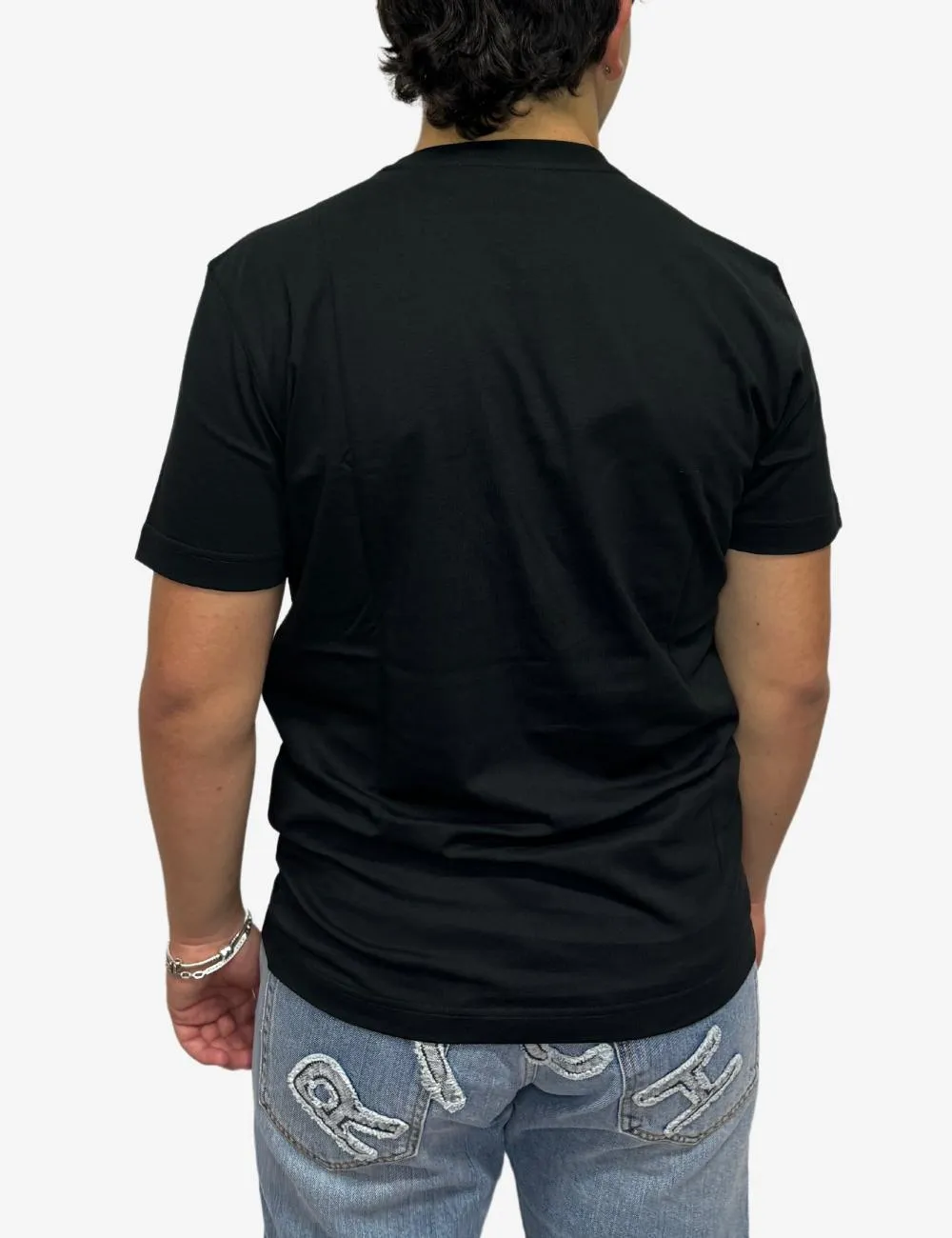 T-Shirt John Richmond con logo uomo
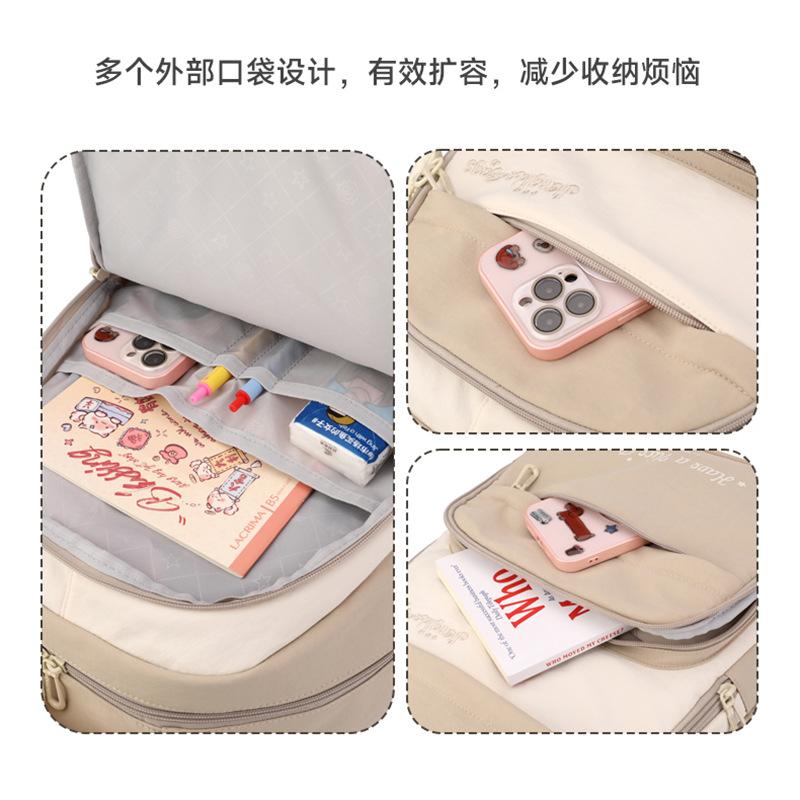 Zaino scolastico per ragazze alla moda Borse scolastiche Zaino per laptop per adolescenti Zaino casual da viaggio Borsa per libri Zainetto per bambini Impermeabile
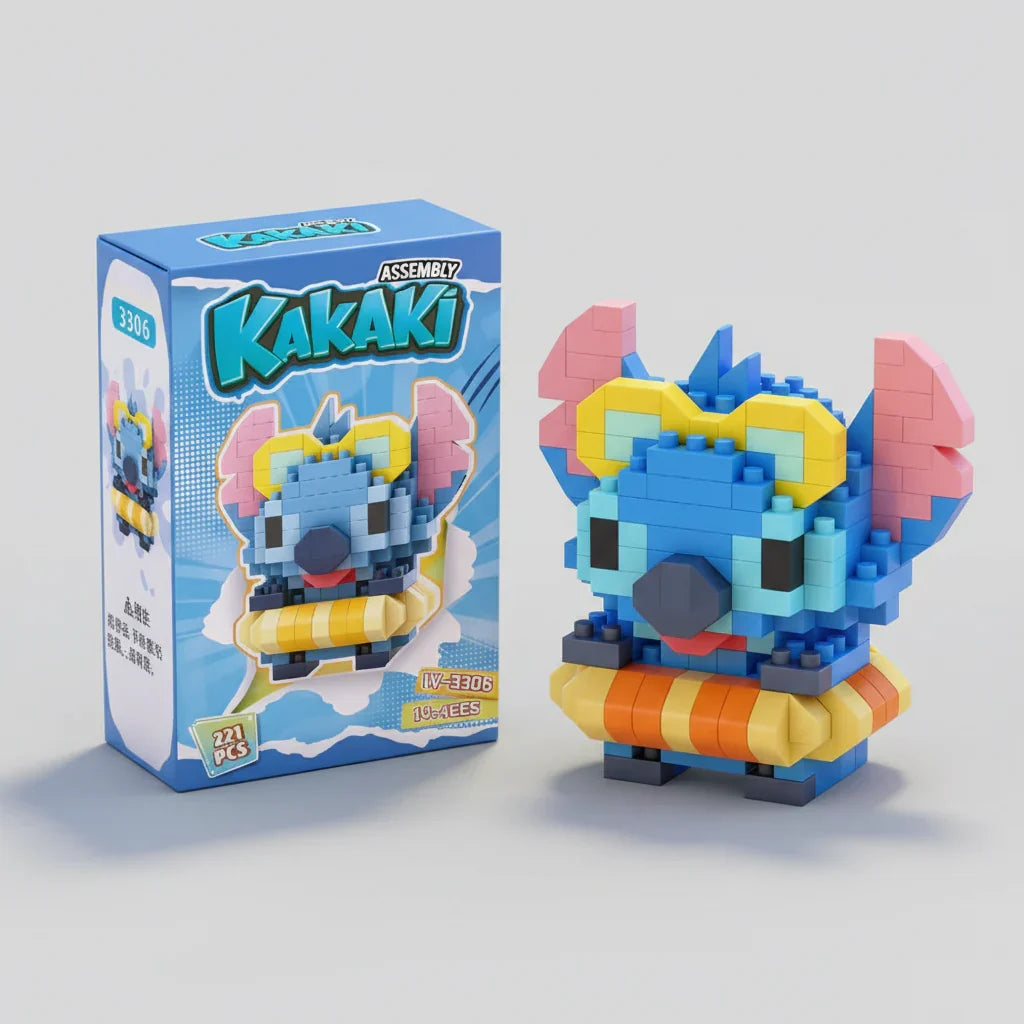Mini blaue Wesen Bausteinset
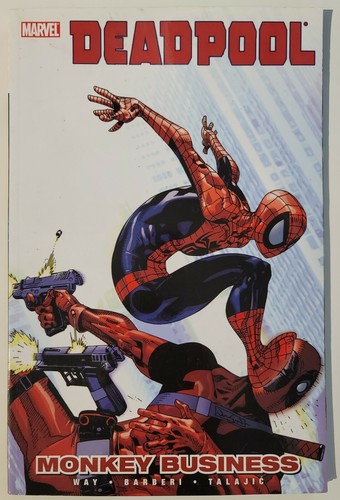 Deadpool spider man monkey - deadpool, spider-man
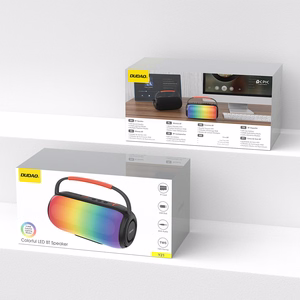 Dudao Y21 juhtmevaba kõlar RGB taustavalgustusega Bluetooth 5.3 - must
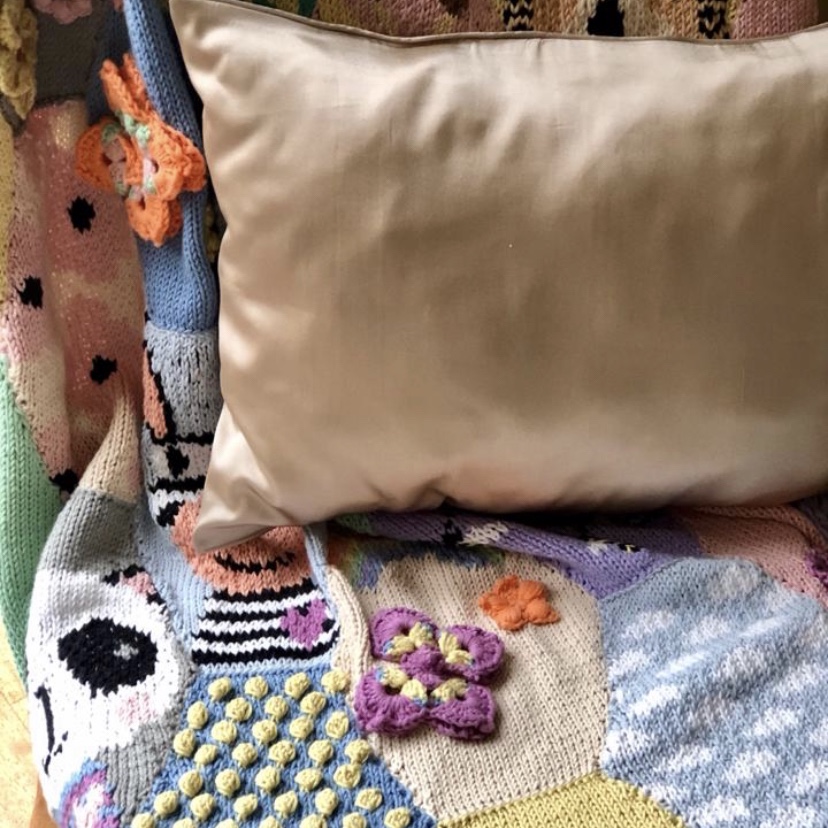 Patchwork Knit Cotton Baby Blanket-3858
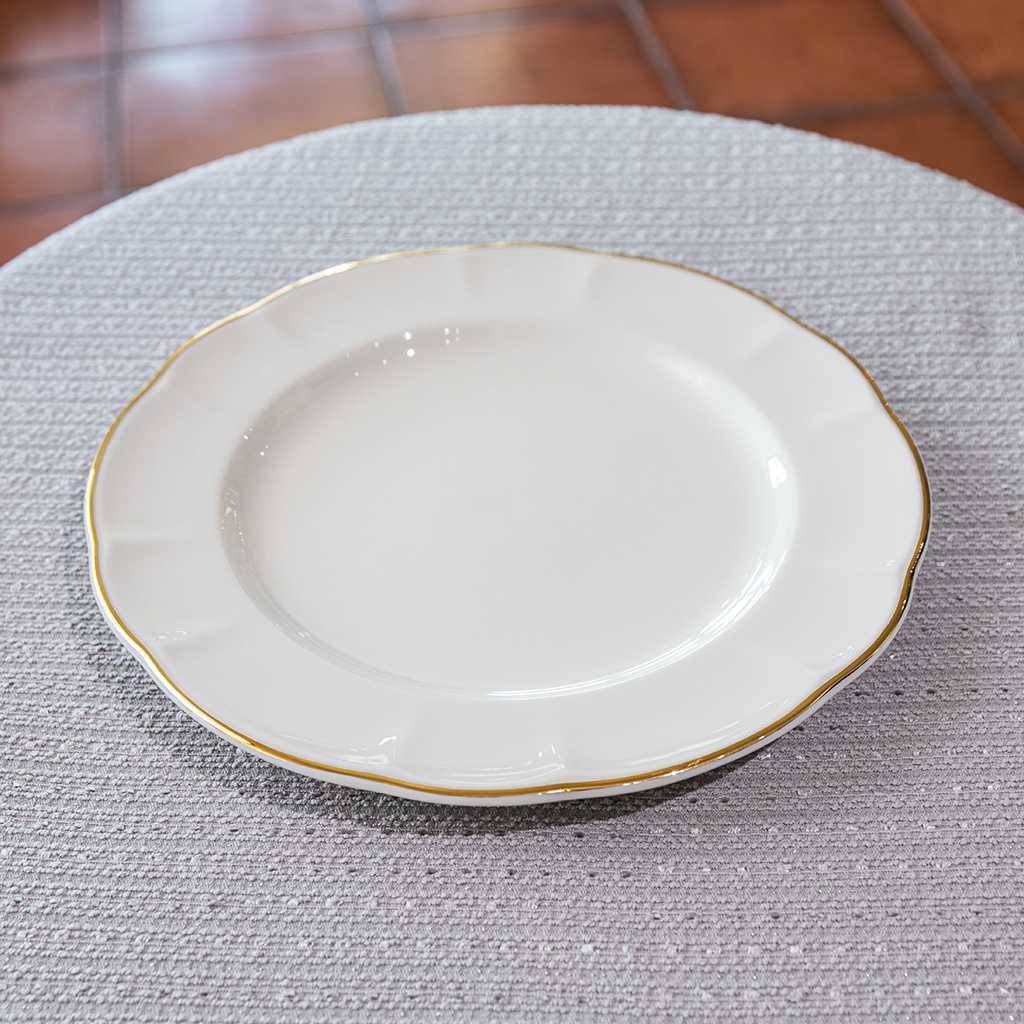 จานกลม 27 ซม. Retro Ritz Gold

※

__Task statement__:
Pictures are to be omitted from the copy. Reproduce exactly, and only, the lines from the one containing "Deadpool spider man" to the end of the listing above.

__The answer__:
 Deadpool spider man monkey - deadpool, spider-man
 Dudao Y21 juhtmevaba kõlar RGB taustavalgustusega Bluetooth 5.3 - must
 Patchwork Knit Cotton Baby Blanket-3858
 จานกลม 27 ซม. Retro Ritz Gold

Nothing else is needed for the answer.